→ **Try it**
Any picture in the data below should be skipped, while every line is repeated exactly.

→ **Available data**
- - -

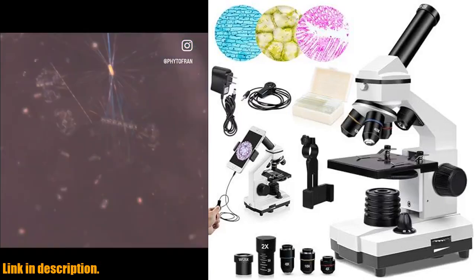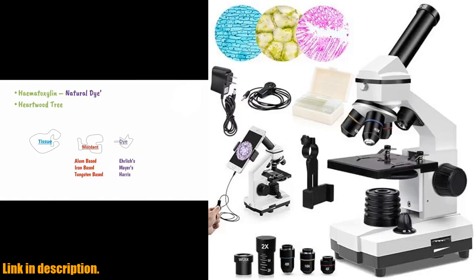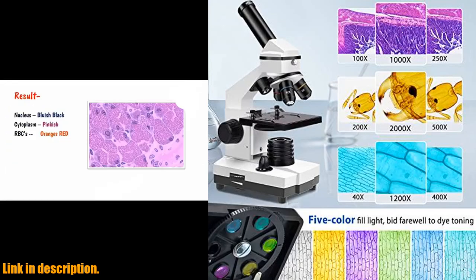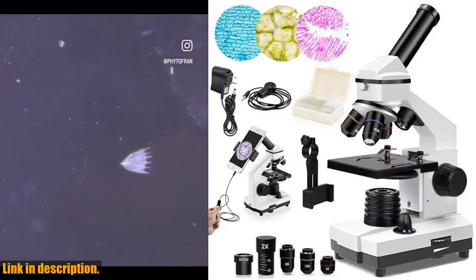Whether you're a student, a teacher, or just a curious hobbyist, this microscope is a practical educational tool that is perfect for school, laboratory, or home teaching. With its solid metal frame and coarse fine focusing knobs, you can ensure precise and detailed focus adjustment, resulting in clearer and sharper images.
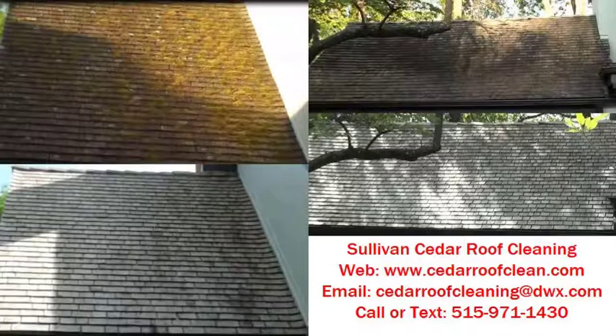Hello, Bruce Sullivan here. I'm the owner of Sullivan Roof Cleaning. We specialize in the cleaning of wood cedar shake shingles. What I'm going to do today is walk you through the complete process of what we use in our cleaning solution and how we actually clean the roofs.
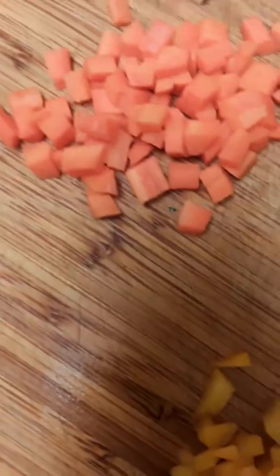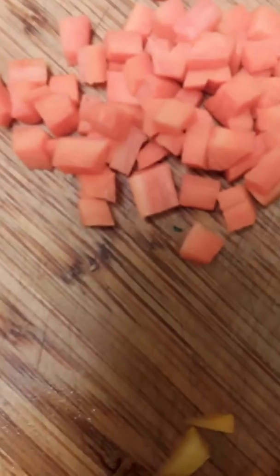Here we have red and yellow peppers, sweet peppers, carrots, portobello mushroom, and dried basil.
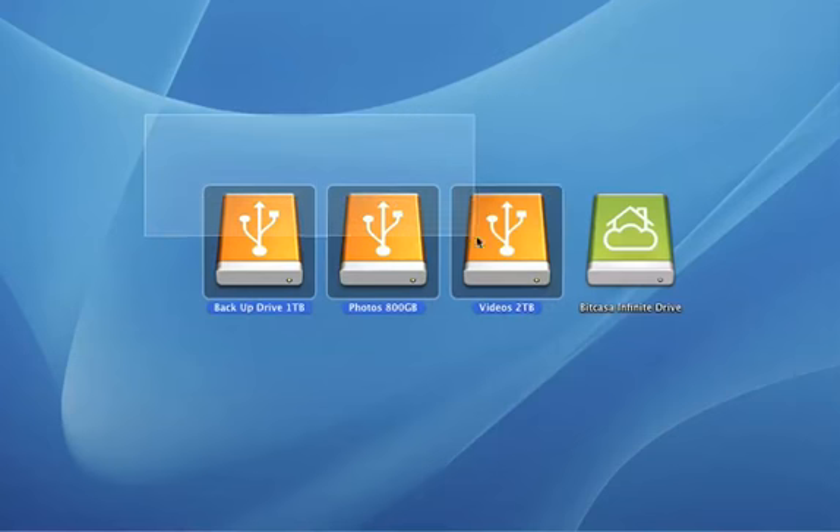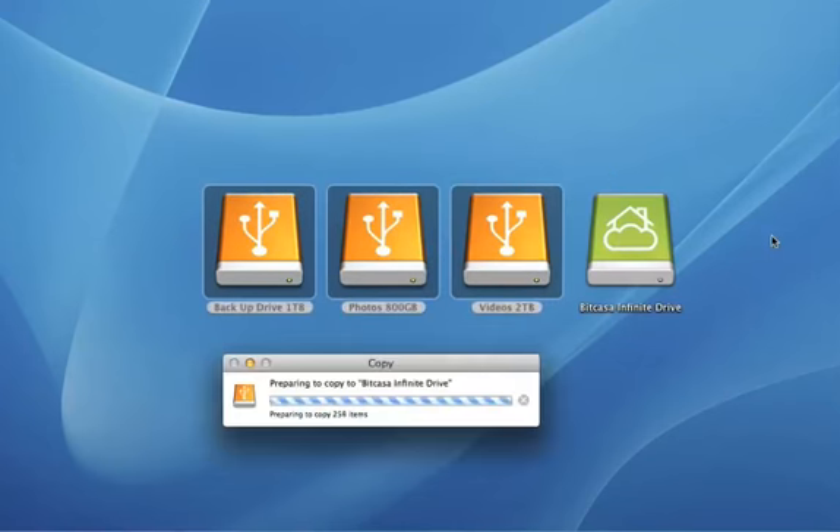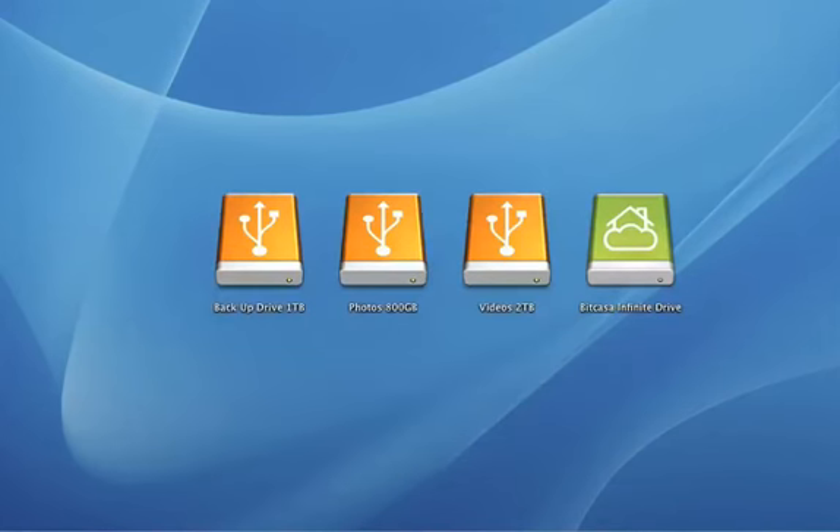But now you can drag and drop all of those external drives onto the BitCasa Infinite Drive. And now all of that data, no matter how much it is, is backed up and accessible from any computer or any mobile device.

- - -

→ **Task output**
Whether you're a student, a teacher, or just a curious hobbyist, this microscope is a practical educational tool that is perfect for school, laboratory, or home teaching. With its solid metal frame and coarse fine focusing knobs, you can ensure precise and detailed focus adjustment, resulting in clearer and sharper images.
Hello, Bruce Sullivan here. I'm the owner of Sullivan Roof Cleaning. We specialize in the cleaning of wood cedar shake shingles. What I'm going to do today is walk you through the complete process of what we use in our cleaning solution and how we actually clean the roofs.
Here we have red and yellow peppers, sweet peppers, carrots, portobello mushroom, and dried basil.
But now you can drag and drop all of those external drives onto the BitCasa Infinite Drive. And now all of that data, no matter how much it is, is backed up and accessible from any computer or any mobile device.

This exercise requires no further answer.